Note that throughout this memorandum, frequent references are made to the Association as the bargaining representative of contractors. For purposes of this analysis, therefore, the Association should be viewed as synonymous with a multi-employer bargaining unit.
In most industries, federal labor law provides that an employer cannot legally enter into a collective bargaining agreement with a union, unless there has been a satisfactory showing that the union has the support of a majority of the employer’s employees. In that setting, an employer and the union would actually commit an unfair labor practice if they were to become parties to a collective bargaining agreement without satisfactory proof that a majority of employees support the union. The proof is usually derived from an election supervised by the National Labor Relations Board, or, voluntary recognition by the employer after the union establishes that a majority of employees have signed what are known as “authorization cards”, reflecting their support for the Union.
Employers in the construction industry operate under notably different rules. Congress recognized that contractors often work in a variety of geographic areas, with no established workforce. Instead, employees are often hired sporadically on a job-by-job basis. In such a setting, observance of the traditional rules could be very cumbersome for a contractor. A contractor bidding for a job in a different geographic area obviously needs to know what its labor costs will be. Those costs would be established by the collective bargaining agreement covering the individuals that the employer intends to hire for that project. Yet, under the traditional rules, the employer would not be able to enter into that agreement until after it hired its employees, and a majority of those employees expressed their support for the union.
Recognizing that the traditional rules were a poor fit for the construction industry, in 1959, Congress adopted Section 8(f) of the National Labor Relations Act. In its relevant part, that section provides:
“It shall not be an unfair labor practice…for an employer engaged primarily in the building and construction industry to make an agreement covering employees engaged (or who, upon their employment, will be engaged) in the building and construction industry with a labor organization of which building and construction employees are members…because the majority status of such labor organization has not been established under the provisions of Section 9 of this Act, prior to the making of such agreement…”
The contractor that makes use of this provision, and signs such a contract, becomes signatory to a Section 8(f) “pre-hire” agreement. During the term of that agreement, the contractor has what is known as a Section 8(f) “pre-hire” relationship with the union.
Such a contract, and the bargaining relationship that results from it, is in contrast to one established under Section 9(a) of the National Labor Relations Act. That section of the Act provides:
“Representatives designated or selected for the purposes of collective bargaining by the majority of the employees in a unit appropriate for such purposes, shall be the exclusive representatives of all the employees in such unit for the purpose of collective bargaining in respect to rates of pay, wages, hours of employment, or other conditions of employment…”
A bargaining relationship that results from an election supervised by the National Labor Relations Board is a Section 9(a) relationship.
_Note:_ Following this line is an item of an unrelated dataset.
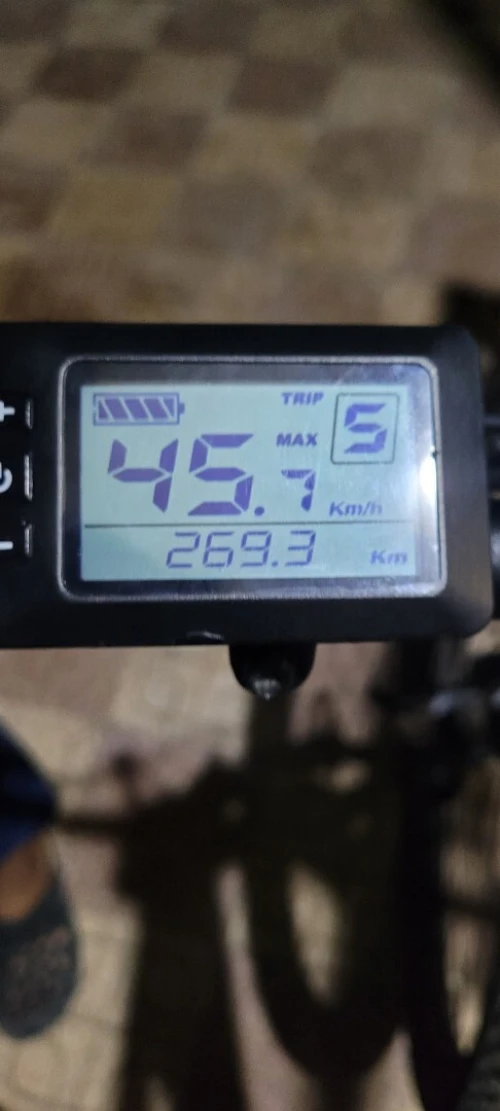 Scrapper Vélo électrique 2025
Any subsequent contract negotiated between the employer and the union will, for purposes of this discussion, be referred to as a Section 9(a) contract. Therein lies the critical distinction between the two relationships. In an 8(f) relationship, the contract may be signed even before any employees are hired. In a Section 9(a) relationship, a contract will be negotiated only after employees have been hired, and a majority of those employees have evidenced their support for the union.
Note that except for several distinctions not important to this analysis, the collective bargaining agreements negotiated between the parties may be identical. They will typically cover wages, fringe benefit contributions, terms of employment, and the like. However, even though the terms of the collective bargaining agreements might be identical, the legal framework governing a Section 8(f) relationship, in contrast to a Section 9(a) relationship, is dramatically different.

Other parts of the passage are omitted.